▶ _Task to carry out_
Lines before the one holding "Hello, so here" are not wanted. Please copy that line and everything after it to the end of the records, exactly, skipping pictures.

▶ _Provided information_
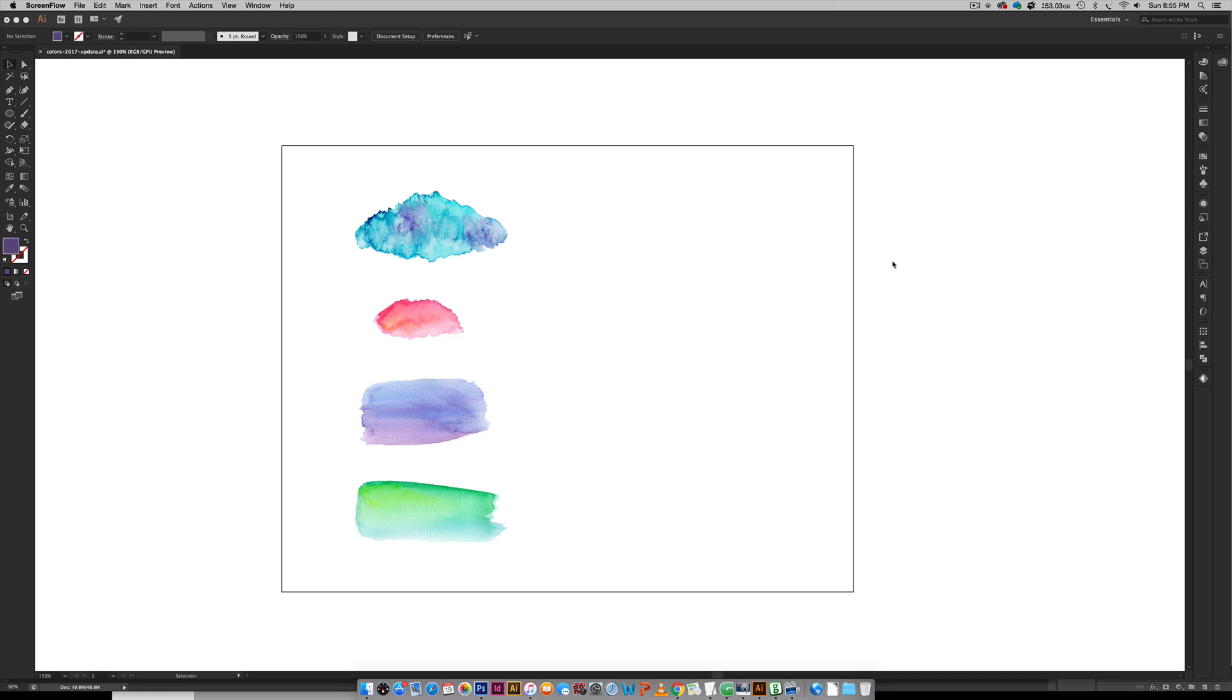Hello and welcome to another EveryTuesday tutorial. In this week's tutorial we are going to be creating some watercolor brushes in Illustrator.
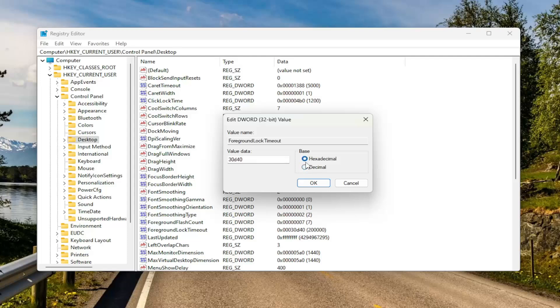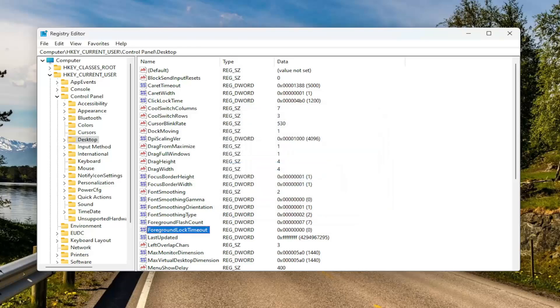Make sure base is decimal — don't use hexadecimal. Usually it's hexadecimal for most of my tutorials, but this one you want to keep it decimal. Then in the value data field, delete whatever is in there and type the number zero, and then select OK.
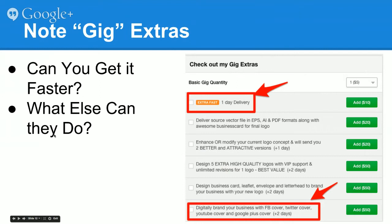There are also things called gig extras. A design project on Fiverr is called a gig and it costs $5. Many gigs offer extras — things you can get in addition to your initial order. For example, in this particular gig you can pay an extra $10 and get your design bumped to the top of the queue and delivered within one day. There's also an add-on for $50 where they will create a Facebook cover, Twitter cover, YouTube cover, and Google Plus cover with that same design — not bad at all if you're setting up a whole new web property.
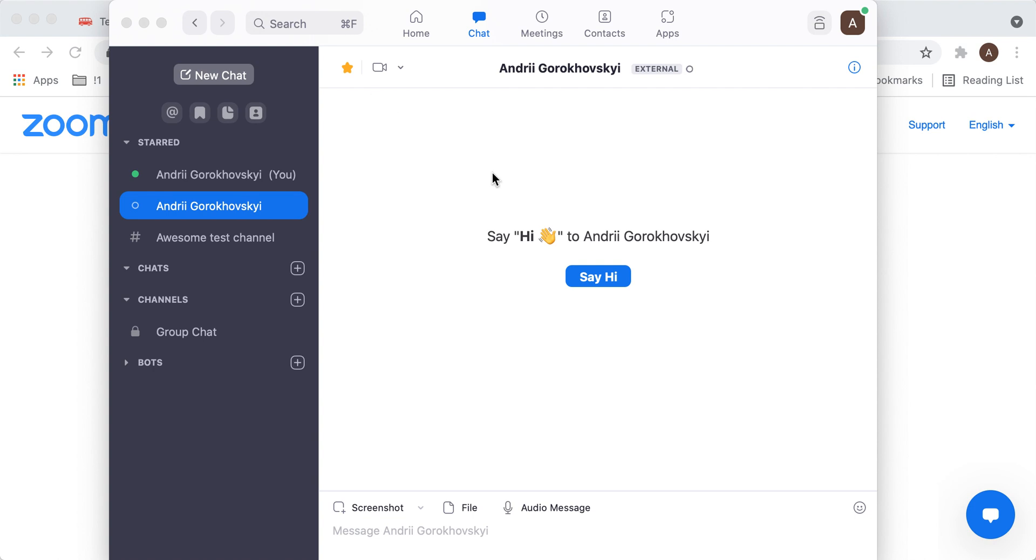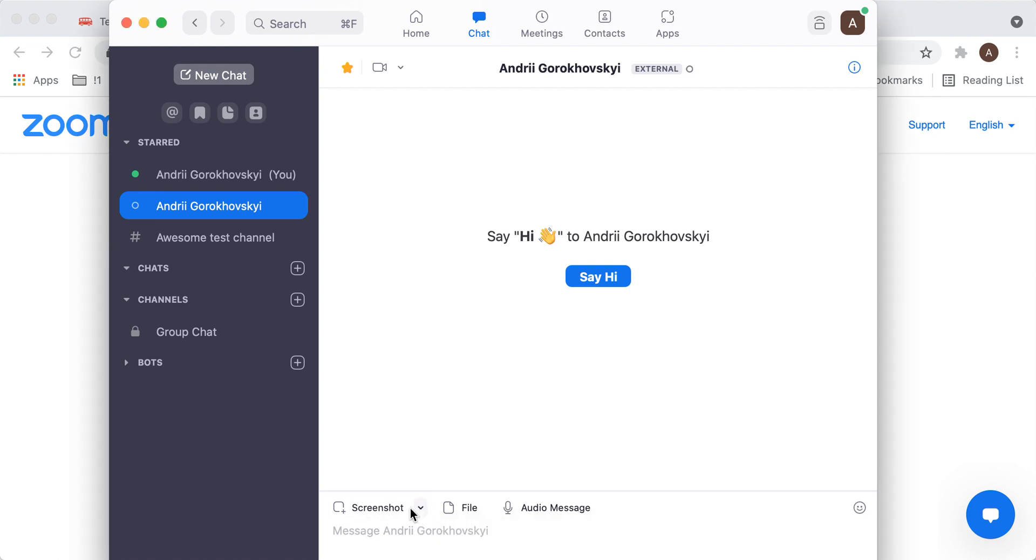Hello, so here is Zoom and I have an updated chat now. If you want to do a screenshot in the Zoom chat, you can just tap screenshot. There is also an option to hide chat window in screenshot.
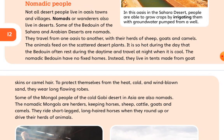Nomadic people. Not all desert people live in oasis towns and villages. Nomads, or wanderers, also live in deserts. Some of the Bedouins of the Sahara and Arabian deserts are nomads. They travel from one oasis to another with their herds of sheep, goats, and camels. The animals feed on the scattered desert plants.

▶ _Response to this task_
Hello, so here is Zoom and I have an updated chat now. If you want to do a screenshot in the Zoom chat, you can just tap screenshot. There is also an option to hide chat window in screenshot.
Nomadic people. Not all desert people live in oasis towns and villages. Nomads, or wanderers, also live in deserts. Some of the Bedouins of the Sahara and Arabian deserts are nomads. They travel from one oasis to another with their herds of sheep, goats, and camels. The animals feed on the scattered desert plants.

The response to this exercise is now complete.